Anlässlich des Europäischen Erfahrungsaustausches der Regionen präsentiert Franz Rüf als Koordinator das grenzüberschreitende Projekt "Weißtanne".

Hier die Übersetzung seines Vortrages.

Liebe Kolleginnen und Kollegen, ich begrüße sie recht herzlich im Land der Weißtanne!

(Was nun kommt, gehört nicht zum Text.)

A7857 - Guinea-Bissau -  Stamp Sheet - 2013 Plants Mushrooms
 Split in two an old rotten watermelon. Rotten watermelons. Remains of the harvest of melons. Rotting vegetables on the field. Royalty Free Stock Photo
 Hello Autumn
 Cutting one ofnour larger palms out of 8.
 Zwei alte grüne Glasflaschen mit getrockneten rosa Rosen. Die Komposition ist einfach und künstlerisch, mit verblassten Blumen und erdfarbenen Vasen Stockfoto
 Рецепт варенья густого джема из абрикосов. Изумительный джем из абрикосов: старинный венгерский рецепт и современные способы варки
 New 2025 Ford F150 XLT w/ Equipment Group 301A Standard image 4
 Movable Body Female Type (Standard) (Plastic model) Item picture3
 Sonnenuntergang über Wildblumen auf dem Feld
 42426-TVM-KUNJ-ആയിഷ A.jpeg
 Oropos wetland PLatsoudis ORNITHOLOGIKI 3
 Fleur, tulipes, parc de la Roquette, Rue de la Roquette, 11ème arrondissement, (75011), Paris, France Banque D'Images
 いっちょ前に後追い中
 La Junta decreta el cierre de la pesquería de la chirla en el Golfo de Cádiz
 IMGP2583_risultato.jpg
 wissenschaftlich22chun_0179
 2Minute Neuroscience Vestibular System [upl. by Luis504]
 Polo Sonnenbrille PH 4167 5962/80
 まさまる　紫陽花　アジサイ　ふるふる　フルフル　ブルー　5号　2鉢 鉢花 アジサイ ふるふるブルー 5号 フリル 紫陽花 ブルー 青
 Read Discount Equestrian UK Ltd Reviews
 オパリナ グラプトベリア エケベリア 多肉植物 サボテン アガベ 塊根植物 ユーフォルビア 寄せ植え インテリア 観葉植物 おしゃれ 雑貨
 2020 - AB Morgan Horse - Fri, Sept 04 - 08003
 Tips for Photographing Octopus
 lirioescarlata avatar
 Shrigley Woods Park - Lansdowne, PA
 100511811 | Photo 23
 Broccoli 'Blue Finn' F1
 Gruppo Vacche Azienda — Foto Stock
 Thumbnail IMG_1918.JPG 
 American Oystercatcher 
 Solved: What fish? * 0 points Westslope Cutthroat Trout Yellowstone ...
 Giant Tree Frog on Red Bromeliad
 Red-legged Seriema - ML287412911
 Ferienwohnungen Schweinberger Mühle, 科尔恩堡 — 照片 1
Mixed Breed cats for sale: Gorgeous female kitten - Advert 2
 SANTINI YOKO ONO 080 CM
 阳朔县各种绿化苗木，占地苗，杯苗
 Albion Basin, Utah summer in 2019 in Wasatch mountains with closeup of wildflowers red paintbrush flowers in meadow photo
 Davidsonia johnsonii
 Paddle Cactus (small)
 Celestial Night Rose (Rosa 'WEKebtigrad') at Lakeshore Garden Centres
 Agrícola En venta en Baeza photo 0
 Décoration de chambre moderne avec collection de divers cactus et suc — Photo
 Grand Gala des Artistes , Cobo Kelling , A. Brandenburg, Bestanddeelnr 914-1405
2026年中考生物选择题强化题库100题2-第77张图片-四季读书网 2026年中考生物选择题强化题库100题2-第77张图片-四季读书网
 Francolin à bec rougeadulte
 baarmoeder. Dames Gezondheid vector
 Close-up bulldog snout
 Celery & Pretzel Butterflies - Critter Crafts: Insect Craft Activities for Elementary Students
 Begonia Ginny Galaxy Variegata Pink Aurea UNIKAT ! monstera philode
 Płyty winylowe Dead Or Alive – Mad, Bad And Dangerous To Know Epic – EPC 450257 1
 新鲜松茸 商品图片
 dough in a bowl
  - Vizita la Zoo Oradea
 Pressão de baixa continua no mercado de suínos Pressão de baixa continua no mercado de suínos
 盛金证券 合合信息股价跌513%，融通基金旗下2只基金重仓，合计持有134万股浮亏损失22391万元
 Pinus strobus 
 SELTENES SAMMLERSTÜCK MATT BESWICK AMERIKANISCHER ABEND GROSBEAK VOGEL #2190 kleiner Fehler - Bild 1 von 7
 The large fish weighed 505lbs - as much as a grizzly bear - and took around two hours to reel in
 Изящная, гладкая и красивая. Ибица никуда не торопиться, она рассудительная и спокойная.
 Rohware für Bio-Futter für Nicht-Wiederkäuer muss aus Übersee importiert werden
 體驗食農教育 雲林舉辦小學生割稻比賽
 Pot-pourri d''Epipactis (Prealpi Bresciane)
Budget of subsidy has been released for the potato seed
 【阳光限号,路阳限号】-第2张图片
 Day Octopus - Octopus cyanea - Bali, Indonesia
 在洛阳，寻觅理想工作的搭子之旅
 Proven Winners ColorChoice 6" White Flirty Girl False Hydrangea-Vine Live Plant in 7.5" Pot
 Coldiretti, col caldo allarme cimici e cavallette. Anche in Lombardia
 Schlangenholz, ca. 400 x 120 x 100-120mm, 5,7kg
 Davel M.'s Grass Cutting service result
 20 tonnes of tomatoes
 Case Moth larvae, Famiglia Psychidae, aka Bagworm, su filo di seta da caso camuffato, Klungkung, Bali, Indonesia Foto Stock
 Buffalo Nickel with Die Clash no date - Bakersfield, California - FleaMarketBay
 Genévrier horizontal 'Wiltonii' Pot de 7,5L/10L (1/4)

In meiner Präsentation will ich von dem grenzüberschreitenden LEADER+ Projekt "Weisstanne" berichten. Das Projekt ist ein Beispiel für die In-Kultur-Nahme einer regionalen Ressource mit dem Ziel die Kulturlandschaft zu erhalten und die Beschäftigung zu steigern. Ich bin überzeugt, dass in Ihrer Region zwar nicht die Weißtanne jedoch andere versteckte Stärken zu finden sind und hoffe mit dem Projektbeispiel ein paar Anregungen geben zu können. Meine Kolleginnen Frau Grzesik aus dem Nordschwarzwald und der Kollege Rolf Eberhardt aus dem Westallgäu sind ebenfalls mit mir und werden im Anschluss an meine Ausführungen von den Aktivitäten aus Nordschwarzwald und aus dem Westallgäu berichten.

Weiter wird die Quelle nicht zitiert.